Andreas Herrmann zeigt sich im Podcast denn auch beeindruckt von der strategischen Klarheit, mit der chinesische Hersteller wie BYD agieren. Und er lobt: „Man will den Kunden immer wieder überraschen mit ganz neuen technologischen Möglichkeiten auf der Softwareseite.“

Ein zentrales Thema ist der unterschiedliche Ansatz in der Fahrzeugentwicklung: Während deutsche Hersteller vom klassischen Automobilbau ausgehen, denken chinesische Firmen wie BYD vom Batterie-Know-how ausgehend weiter. Dieses „Upside-Down“-Verständnis stellt für Europa ein strukturelles Problem dar. Hinzu kommt, dass der Aufbau einer konkurrenzfähigen Batterieproduktion in Europa derzeit stockt. Herrmann wird dazu deutlich: „Wir können das Thema wohl abhaken“, weil Europa sowohl technologisch als auch bei der nötigen Skalierung bisher nicht mithalten könne. Hinzu kommt ein weiteres Problem.

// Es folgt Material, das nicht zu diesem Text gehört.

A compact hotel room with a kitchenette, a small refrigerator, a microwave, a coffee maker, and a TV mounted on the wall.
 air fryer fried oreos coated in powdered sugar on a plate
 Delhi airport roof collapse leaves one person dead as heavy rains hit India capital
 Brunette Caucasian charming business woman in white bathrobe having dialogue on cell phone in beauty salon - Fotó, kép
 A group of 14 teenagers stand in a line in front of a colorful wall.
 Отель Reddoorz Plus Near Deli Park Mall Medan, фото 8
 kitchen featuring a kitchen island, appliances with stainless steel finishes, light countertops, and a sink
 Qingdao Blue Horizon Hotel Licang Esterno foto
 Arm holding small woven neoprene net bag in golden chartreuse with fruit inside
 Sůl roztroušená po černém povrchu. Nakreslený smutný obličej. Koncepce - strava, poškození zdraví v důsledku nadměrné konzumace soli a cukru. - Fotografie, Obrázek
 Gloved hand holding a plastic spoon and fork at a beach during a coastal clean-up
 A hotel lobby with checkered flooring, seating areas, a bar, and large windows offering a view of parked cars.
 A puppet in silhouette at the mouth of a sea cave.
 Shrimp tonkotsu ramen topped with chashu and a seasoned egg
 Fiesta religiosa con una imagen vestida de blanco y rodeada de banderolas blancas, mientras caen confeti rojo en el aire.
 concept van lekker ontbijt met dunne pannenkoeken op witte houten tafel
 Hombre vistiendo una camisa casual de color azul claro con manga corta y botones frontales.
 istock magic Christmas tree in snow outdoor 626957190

Auf Kundenseite zeigt sich ein Wandel im chinesischen Konsumverhalten: Besonders die Generation Z legt zunehmend Wert auf heimische Marken, moderne Software-Features und Updates, statt auf klassische europäische Marken zu setzen. Deutsche Hersteller stehen hier vor der Herausforderung, ihre Produktentwicklung stärker softwarezentriert auszurichten, so Prof. Herrmann. Umgekehrt hätten die chinesischen Marken in Europa bislang noch Schwierigkeiten, besonders in den Bereichen Vertrieb und Markenbildung. Zwar ist die technische Qualität hoch, doch es fehlt an Wiedererkennungswert, Emotionalität und einem klaren Markenprofil.

Experten sehen in dieser Markenführung derzeit die Achillesferse chinesischer Hersteller in Europa. Eine mögliche Strategie könnte sein, europäische oder amerikanische Markenexperten zu integrieren – jedoch ohne bloße Imitation westlicher Konzepte. Letztlich wird betont, dass eine klare Designsprache und ein einheitliches „Gesicht“ für die E-Fahrzeuge noch fehlen, was für eine stärkere Marktpräsenz entscheidend wäre.

Im letzten Teil des Podcasts wirft Prof. Herrmann noch einen kritischen Blick auf die Zukunft des autonomen Fahrens – insbesondere im globalen Wettbewerb zwischen China, den USA und Europa. Aktuell sieht er vor allem China und die USA vorne, während Europa mit Mobileye zwar mitmischt, aber noch Nachholbedarf hat.

Ein Beispielprojekt aus Zürich mit chinesischer Technologie wirft zudem Fragen zur digitalen Souveränität auf. Herrmann kritisiert, dass die Erfahrungen dort primär beim Anbieter WeRide bleiben: „Und das ist das, was mich stört, dass wir eigentlich in Europa keinen Ort haben, wo wir wirklich autonomes Fahren ‚from scratch‘ aus erlernen.“

Hat Deutschland beim Elektroauto gegen China nun also schon verloren? „Es ist fünf vor zwölf“, sagt Prof. Herrmann. Für den europäischen Massenmarkt sieht der Experte große Herausforderungen, wohingegen im Luxussegment deutsche Hersteller weiterhin gut positioniert seien. Als mögliche Idee zur Abgrenzung kam spaßeshalber Karaoke im Auto auf – ein Bereich, in dem allerdings chinesische Anbieter bereits aktiv sind. Also ist auch das keine Lösung für die Deutschen…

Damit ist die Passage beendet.